Um equilíbrio delicado

*Por Daniela Gillone

 

Canção da Volta é um filme em que o suicídio e a obsessão, vivenciados nas relações íntimas de um casal, são postos em um contexto que provoca o espectador a ir além de seus motivos mais aparentes para entender a trama. A atração da protagonista pela morte e a angústia do marido em busca de um mínimo de controle em meio a essa situação nos conduzem a questões mais complexas.

Júlia passou por uma tentativa de suicídio sem que se esclareça o que a levou a isso. Seus arquivos pessoais, fotografias, cartas e e-mails, vasculhados por Eduardo (o marido, muito bem interpretado por João Miguel), não chegam a revelar nada, nem sequer um passado suspeito. Assim, as buscas por uma explicação do comportamento suicida da mulher vão construindo um mistério existencial. A pulsão autodestrutiva de Júlia fica, como num bom drama psicológico, sem moldura, uma presença fantasmática, solta na atmosfera sombria que envolve os personagens.

O filme escapa da armadilha de se concentrar demais no tema do suicídio, um tema ainda tabu e de certa forma ingrato, e acerta na maneira como mostra sua repercussão entre o marido e os filhos. Outro achado do longa é a narrativa alusiva e fragmentada, que gera tensão e intensidade pouco comuns neste tipo de filme. Além disso, trabalham-se os personagens numa dimensão menos dicotômica: Júlia, depressiva, passa a ter momentos de felicidade, ao passo que Eduardo, de compreensivo, se torna controlador. Do ver aparente passamos à revelação do outro em seu caráter enigmático e fragmentário.

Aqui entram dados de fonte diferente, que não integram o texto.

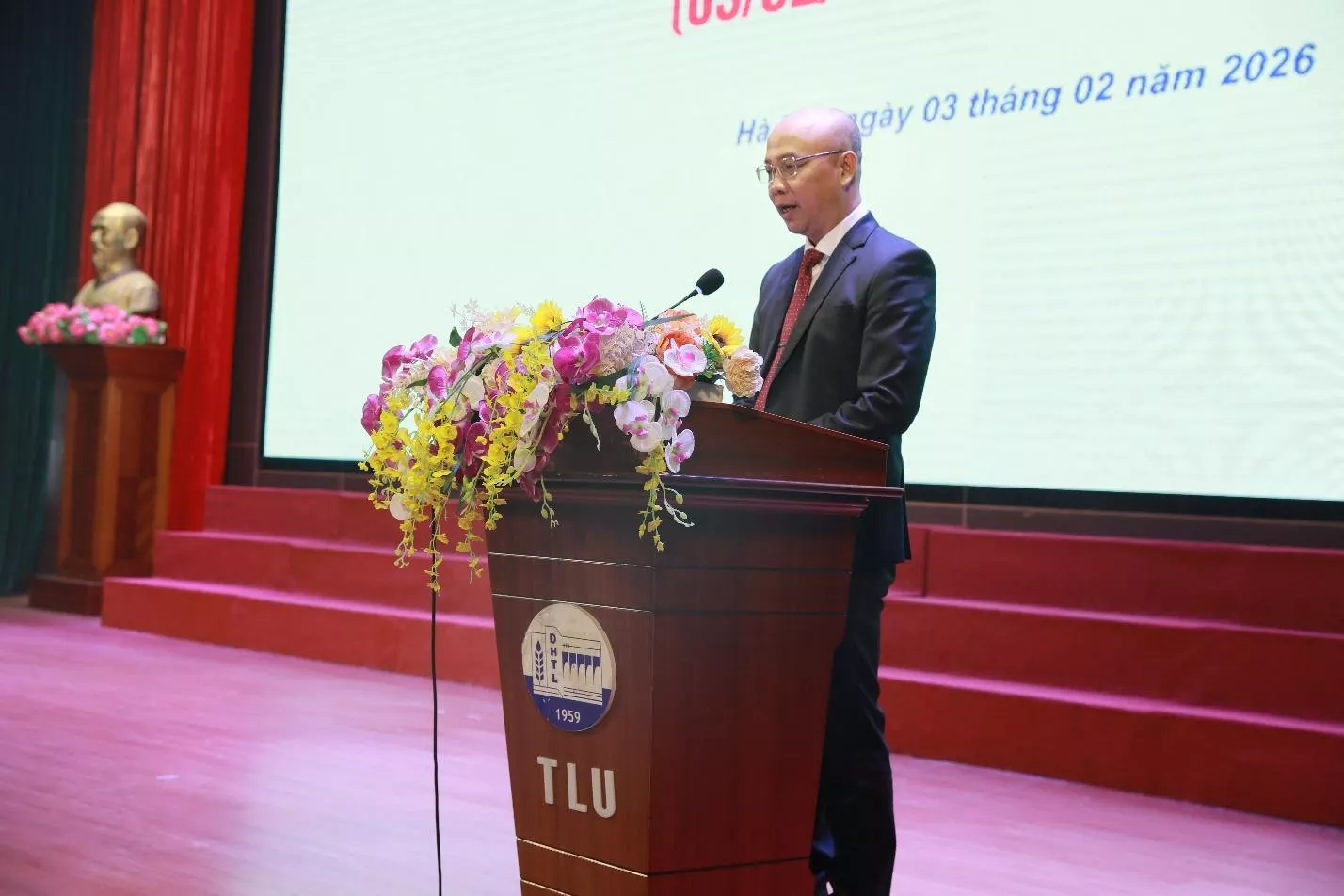 Khơi dậy khát vọng cống hiến, quyết tâm bứt phá trong kỷ nguyên mới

No sentido de romper com a linearidade previsível colabora o som. Os ruídos e as conversas desarticuladas estabelecem padrões que se repetem. Há momentos de silêncio, outros de sons ensurdecedores. As falas, quase inaudíveis em telefones celulares, por exemplo, voltam nos momentos em que Eduardo conduz o carro pelas ruas do centro da cidade de São Paulo à procura de Júlia. As imagens também reincidem e ressignificam a ausência da mulher. A câmera é insistente nessa elaboração, principalmente no trajeto do marido pela avenida Doutor Arnaldo, em frente ao cemitério, onde se tem em primeiro plano o encosto do banco de passageiro vazio no carro em movimento.

Há um vaivém na reiteração da iminência de morte e na afirmação de uma obsessão de controle do homem sobre a mulher. A narrativa nos encaminha a experiência de ver os limites da angústia e dos relacionamentos.  No final, a estrada, vista dos assentos de trás do carro do casal, parece deixar o passado se diluir na forte neblina. É o prenúncio de um mergulho no mar, um mar sob um céu cinzento, longe do clichê ensolarado e apaziguador. Belo filme que trata de maneira inusitada e com bastante sutileza as angústias da existência, pouco comum no cinema brasileiro.